Biyopsinin Riskleri Nelerdir?
Kanama riski biyopside sık görülen risklerden biridir. Böbrek biyopsilerinde bu risk diğer organ biyopsilerine göre daha yüksektir.
Enfeksiyon riski biyopsi için gerekli steril koşullara uyulmadığında artar. Girişimsel radyolojide ultrasonografi eşliğinde yapılan biyopsilerde ultrasonografi probu steril olarak hazırlanmalı steril eldiven geçirilmeli ya da steril kamera kılıfı kullanılmalıdır. Ultrasonografi probunun dezenfektan ile silinerek biyopsinin yapılması yeterli bir sterilizasyon sağlamamakta ve enfeksiyon riski artırmaktadır. Prostat biyopsisinde enfeksiyon riski yüksek olup işlemden 3 gün öncesinden diyete uyulmalı, bağırsak hazırlığı ideal olarak yapılmalı, işlem öncesi lavman uygulanmalı ve işlem öncesi başlanıp işlemden sonra de devam eden en az 7 gün antibiyotik kullanılmalıdır.
Biyopsi yapılacak organa ulaşmak için girilirken diğer organ yaralanması nadir görülen bir risk olup özellikle biyopside doğru görüntüleme yöntemi tercih edilmediğinde ya da iyi planlama yapılmadığında ortaya çıkar. Girişimsel radyologlar radyolojik görüntülere hakim oldukları için bu risk düşüktür. Özellikle batın içi biyopsilerde dikkatli davranılmadığında bağırsak geçilmesi durumunda bağırsak yaralanması görülebilmektedir.
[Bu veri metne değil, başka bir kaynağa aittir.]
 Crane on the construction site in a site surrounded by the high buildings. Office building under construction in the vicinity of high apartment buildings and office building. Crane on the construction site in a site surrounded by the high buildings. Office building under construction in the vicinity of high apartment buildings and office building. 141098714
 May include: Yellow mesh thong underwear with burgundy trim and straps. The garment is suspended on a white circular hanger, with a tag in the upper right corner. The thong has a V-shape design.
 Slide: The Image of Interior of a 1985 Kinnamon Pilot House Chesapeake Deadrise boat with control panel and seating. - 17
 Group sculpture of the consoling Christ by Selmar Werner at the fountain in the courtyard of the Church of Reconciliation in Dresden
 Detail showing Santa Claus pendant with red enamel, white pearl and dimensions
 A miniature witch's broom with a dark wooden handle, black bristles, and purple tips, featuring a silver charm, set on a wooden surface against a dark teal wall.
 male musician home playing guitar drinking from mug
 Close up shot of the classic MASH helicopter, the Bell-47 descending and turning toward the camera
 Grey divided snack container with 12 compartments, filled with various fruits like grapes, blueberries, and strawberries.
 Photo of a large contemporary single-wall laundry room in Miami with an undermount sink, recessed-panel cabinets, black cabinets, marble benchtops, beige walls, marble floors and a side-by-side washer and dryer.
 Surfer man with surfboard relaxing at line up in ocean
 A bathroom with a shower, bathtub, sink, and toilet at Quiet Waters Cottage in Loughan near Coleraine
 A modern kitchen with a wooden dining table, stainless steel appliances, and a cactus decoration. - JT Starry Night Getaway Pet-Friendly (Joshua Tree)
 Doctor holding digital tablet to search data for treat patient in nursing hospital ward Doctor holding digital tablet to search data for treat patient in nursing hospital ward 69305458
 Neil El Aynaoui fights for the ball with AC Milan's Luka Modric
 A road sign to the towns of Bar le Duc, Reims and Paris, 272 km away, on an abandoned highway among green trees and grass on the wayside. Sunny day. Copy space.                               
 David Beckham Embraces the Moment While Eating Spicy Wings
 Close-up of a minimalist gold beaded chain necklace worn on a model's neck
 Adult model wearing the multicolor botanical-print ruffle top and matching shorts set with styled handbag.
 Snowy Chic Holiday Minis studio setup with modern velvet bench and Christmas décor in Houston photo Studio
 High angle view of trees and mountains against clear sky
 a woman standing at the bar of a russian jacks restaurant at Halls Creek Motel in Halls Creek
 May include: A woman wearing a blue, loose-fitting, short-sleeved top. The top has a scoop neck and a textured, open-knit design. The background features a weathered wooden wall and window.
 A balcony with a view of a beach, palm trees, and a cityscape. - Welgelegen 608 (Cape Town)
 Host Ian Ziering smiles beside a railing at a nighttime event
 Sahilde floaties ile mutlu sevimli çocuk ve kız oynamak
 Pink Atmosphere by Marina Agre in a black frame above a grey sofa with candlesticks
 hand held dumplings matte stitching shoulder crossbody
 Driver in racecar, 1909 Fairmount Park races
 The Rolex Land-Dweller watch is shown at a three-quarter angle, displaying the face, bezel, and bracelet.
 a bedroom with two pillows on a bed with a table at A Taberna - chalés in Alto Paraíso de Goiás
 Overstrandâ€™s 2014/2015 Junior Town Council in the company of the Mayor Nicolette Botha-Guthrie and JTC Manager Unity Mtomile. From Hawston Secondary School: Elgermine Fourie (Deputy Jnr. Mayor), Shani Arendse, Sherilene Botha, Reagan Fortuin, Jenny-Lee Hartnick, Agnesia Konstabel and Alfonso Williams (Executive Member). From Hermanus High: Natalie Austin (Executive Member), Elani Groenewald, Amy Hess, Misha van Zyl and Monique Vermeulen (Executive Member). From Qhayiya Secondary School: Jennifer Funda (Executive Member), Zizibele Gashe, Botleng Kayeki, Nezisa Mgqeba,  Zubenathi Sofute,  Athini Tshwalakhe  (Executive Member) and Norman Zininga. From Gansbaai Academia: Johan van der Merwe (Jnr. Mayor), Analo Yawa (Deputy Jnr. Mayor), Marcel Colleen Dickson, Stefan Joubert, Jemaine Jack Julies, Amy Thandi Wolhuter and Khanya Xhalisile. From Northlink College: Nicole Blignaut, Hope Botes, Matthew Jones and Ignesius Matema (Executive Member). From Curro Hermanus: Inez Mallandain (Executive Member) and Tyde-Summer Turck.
Biyopsiye bağlı tümör yayılım riski düşük olup biyopsi yapılmasına engel bir durum değildir. Tedavi için tanı konulması çok daha önceliklidir.
Akciğer biyopsisi ya da göğüs boşluğunda yerleşen kitlelerden yapılan biyopsilerinde akciğeri saran zarlar arasında hava kaçağının olması (pnömotoraks) vakaların %25-30’ unda görülmesine rağmen büyük çoğunluğu tedavi gerektirmemektedir.
Biyopsi Sonrası Takip Nasıl Yapılmalıdır?
Biyopsi sonrası takipte ne yapılmalıdır? Biyopsi sonrası takip son derece önemli olup risklerin erken saptanması ve gereğinde hızlı müdahale edilmesi yönünden gereklidir. Biyopsi sonrası 4-6 saat takip süresine uyulması, giriş yapılan yere baskı yapılması, işlem günü ağır spor yapılmaması ve dinlenerek geçirilmesi, giriş yerinin 1 gün boyunca ıslatılmaması ya da aynı gün banyo yapılmaması önemlidir. 24 saatten sonra bandaj çıkarılıp banyo yapılabilir.
Biyopsi sonrası taburcu edildikten sonra gelişebilecek bazı riskli durumlarda örneğin baş dönmesi, dengesizlik, tansiyon düşüklüğü ya da halsizlik olduğunda mutlaka acil servise başvurulmalıdır.